- Given data:
───
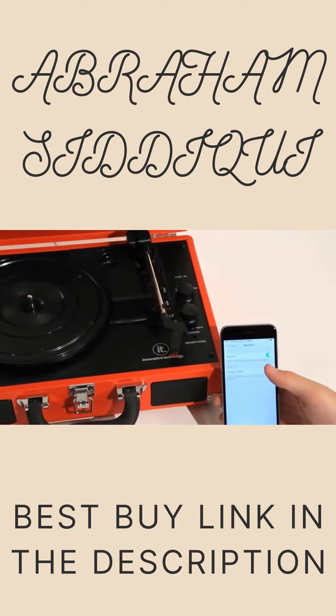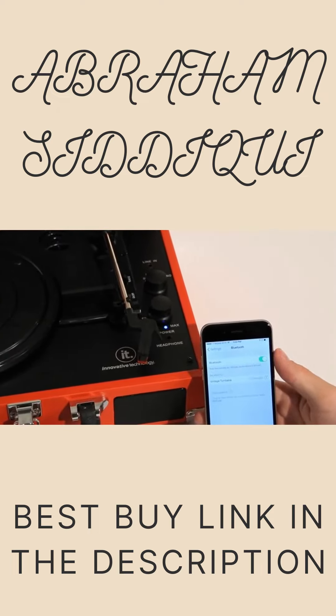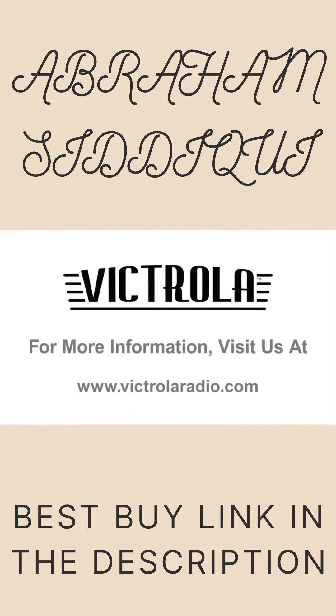And brand new in 2015, we have built in a Bluetooth receiver so you can stream and play your music wirelessly from your MP3 player, smartphone, or tablet.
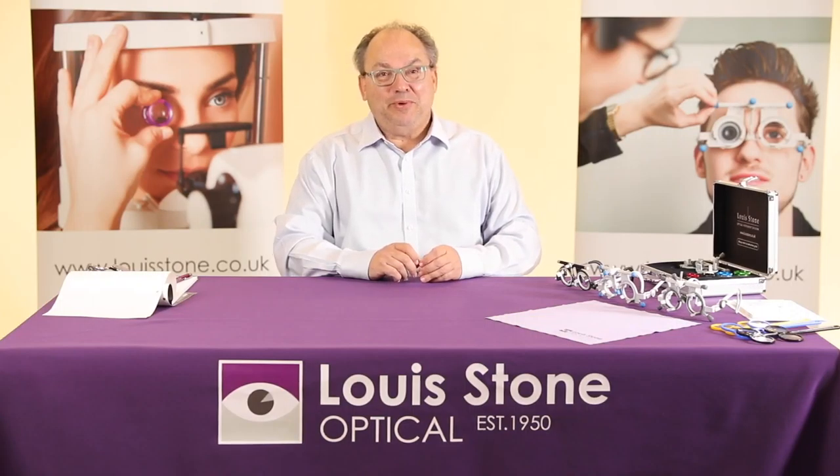Hi there from Lewistone Optical of the UK. This is our first series and today we're looking at instruments — mainly we're going to have a good look at the Oculus trial frames.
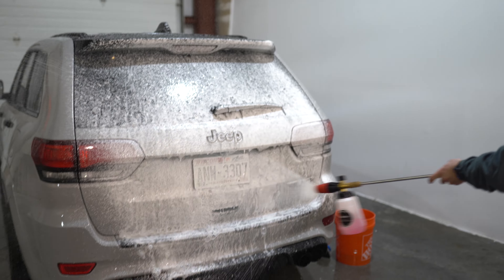All right, all complete — detailed, washed, interior good. Got Danny doing some final trim work. Has to be one of my favorite cars we've done. Danny's supposed to show you the bumper — car is looking amazing.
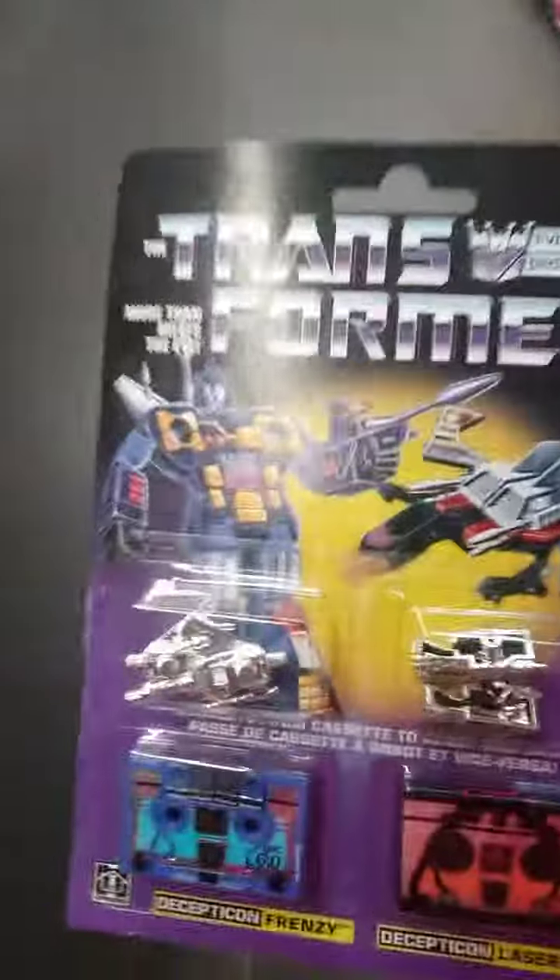Check our local Walmart, guys, because look what I just found at mine. Rumble and Laserbeak — I mean, Frenzy and Laserbeak. Rumble and Granite.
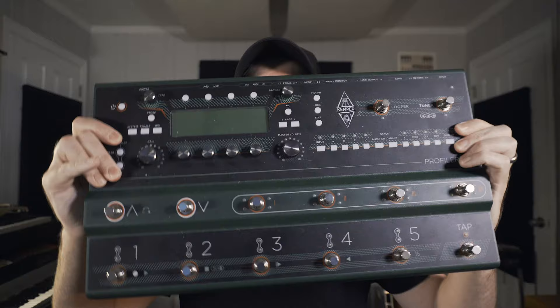The demo that you heard at the beginning of this video was made using this thing, the Kemper Profiler. I've been using Kempers for several years at this point, but I've actually never owned one. I've played on tour for several years where we were using Kempers and I would have to dial them in on the road, as well as using them in church settings where they're acting as the house amp. Kempers are super convenient and they sound great.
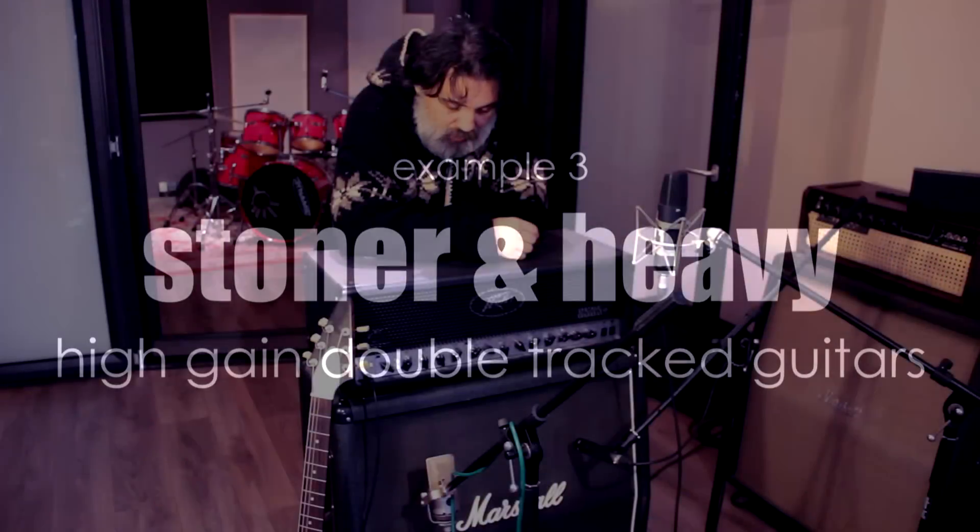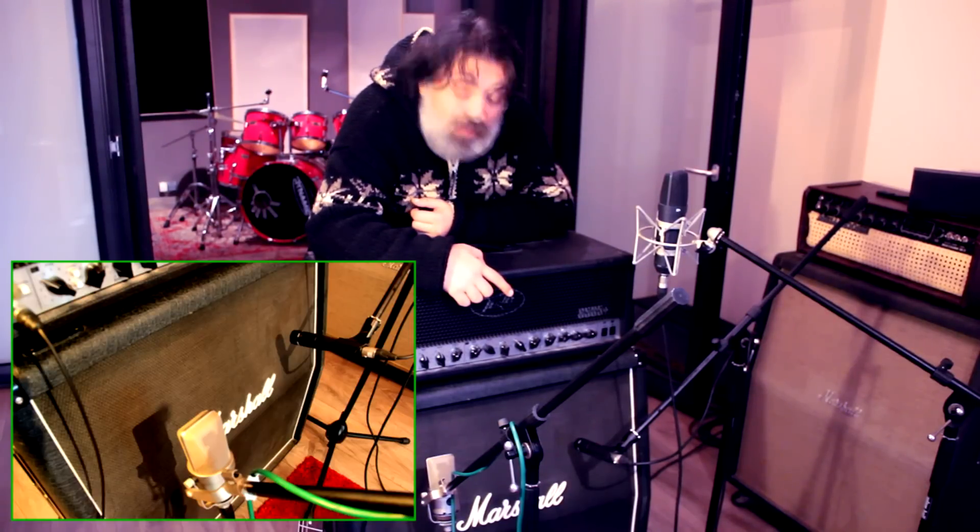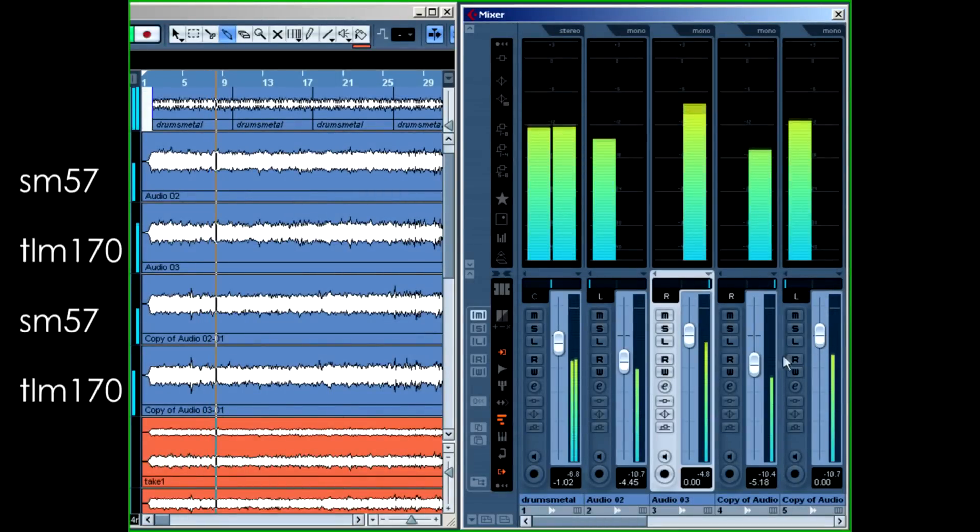In this example we're going to focus on a hard driven rock or even hard rock, metal sound. We're going to use the SM57 as our main mic regarding the timbre and the vibe of the sound. Let's get started by listening to the direct recorded sound from the mic amps. As you can hear, the guitar has a massive sound direct from the preamps, the Great Rivers enhancing the natural presence of the 6505 Plus guitar amp.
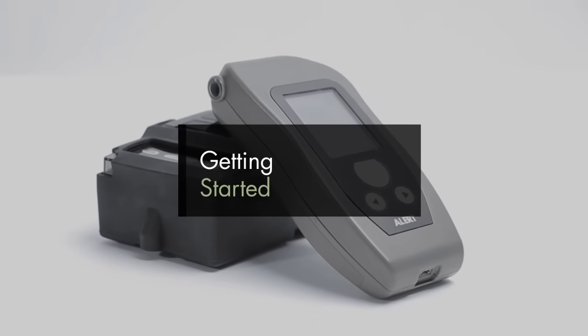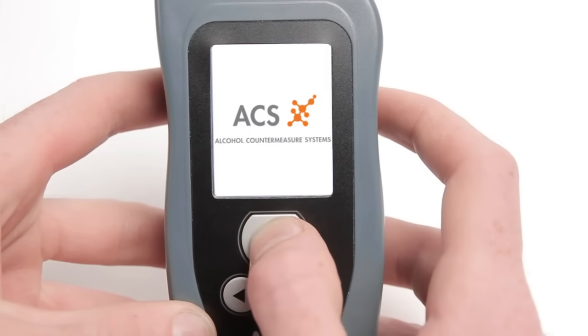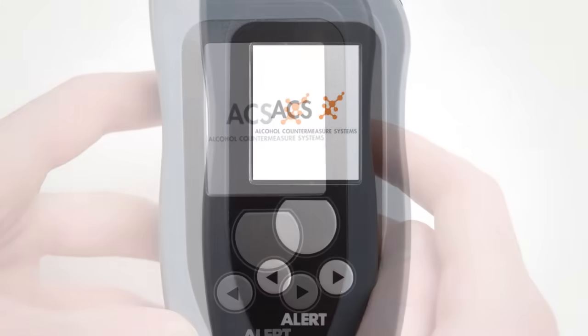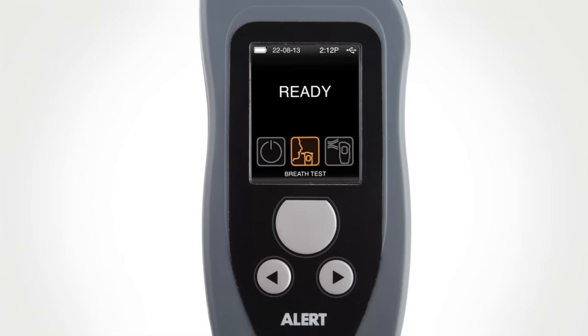Getting Started. Press the main button once to power on the Alert J5 Evidential Breath Alcohol Tester. The ACS logo is displayed during the startup sequence. Ready appears on the display when the Alert J5 Tester is ready for use.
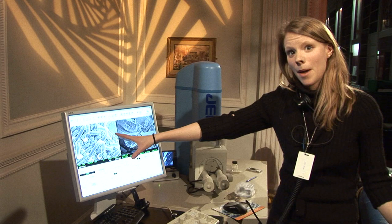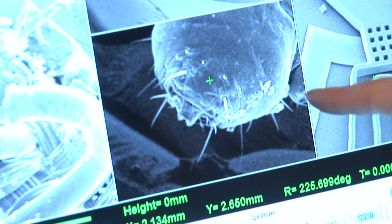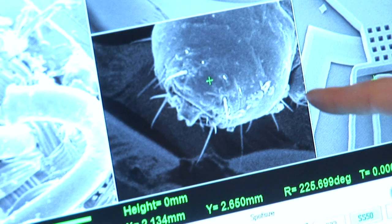We're going to look at the velcro and then use that to go down into really small things. We've got a head louse that we're going to look at — this is absolutely tiny, like the kind of nits that you have in your hair. Across there, that's about the width of a human hair. This microscope allows you to look at things on a really, really tiny scale.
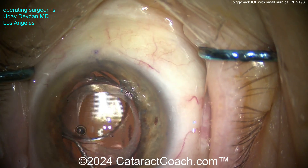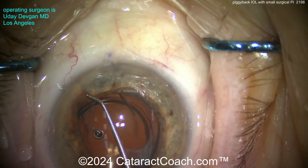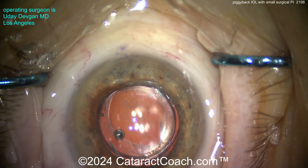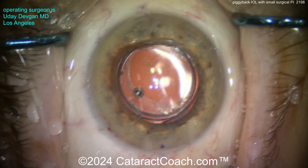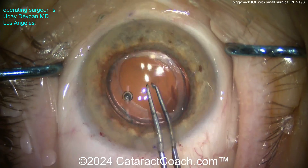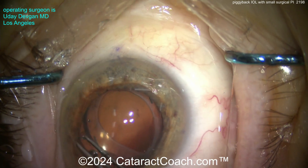We're rotating the lens around, getting both haptics nicely placed in the sulcus. This lens is a Bausch & Lomb Li61AO. I'm just using the chopper to keep the lens centered as we bring down the iris. You want to make sure that the haptic is not pushing up against the underside of the iris.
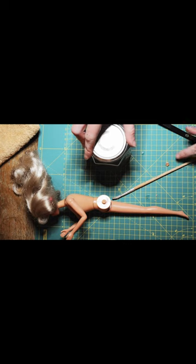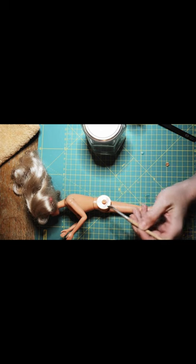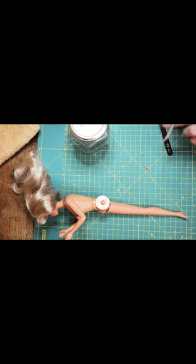Then I used some MEK for re-melting the pieces back to her body. I don't glue the pieces — I melt them back to the body because the glue can cause problems.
───
- Your task: Only the lines above starting with the line with "Check our local" and going on through the line with "Getting Started. Press" belong in the answer; repeat them exactly, minus any picture.

- Exercise answer:
Check our local Walmart, guys, because look what I just found at mine. Rumble and Laserbeak — I mean, Frenzy and Laserbeak. Rumble and Granite.
The demo that you heard at the beginning of this video was made using this thing, the Kemper Profiler. I've been using Kempers for several years at this point, but I've actually never owned one. I've played on tour for several years where we were using Kempers and I would have to dial them in on the road, as well as using them in church settings where they're acting as the house amp. Kempers are super convenient and they sound great.
In this example we're going to focus on a hard driven rock or even hard rock, metal sound. We're going to use the SM57 as our main mic regarding the timbre and the vibe of the sound. Let's get started by listening to the direct recorded sound from the mic amps. As you can hear, the guitar has a massive sound direct from the preamps, the Great Rivers enhancing the natural presence of the 6505 Plus guitar amp.
Getting Started. Press the main button once to power on the Alert J5 Evidential Breath Alcohol Tester. The ACS logo is displayed during the startup sequence. Ready appears on the display when the Alert J5 Tester is ready for use.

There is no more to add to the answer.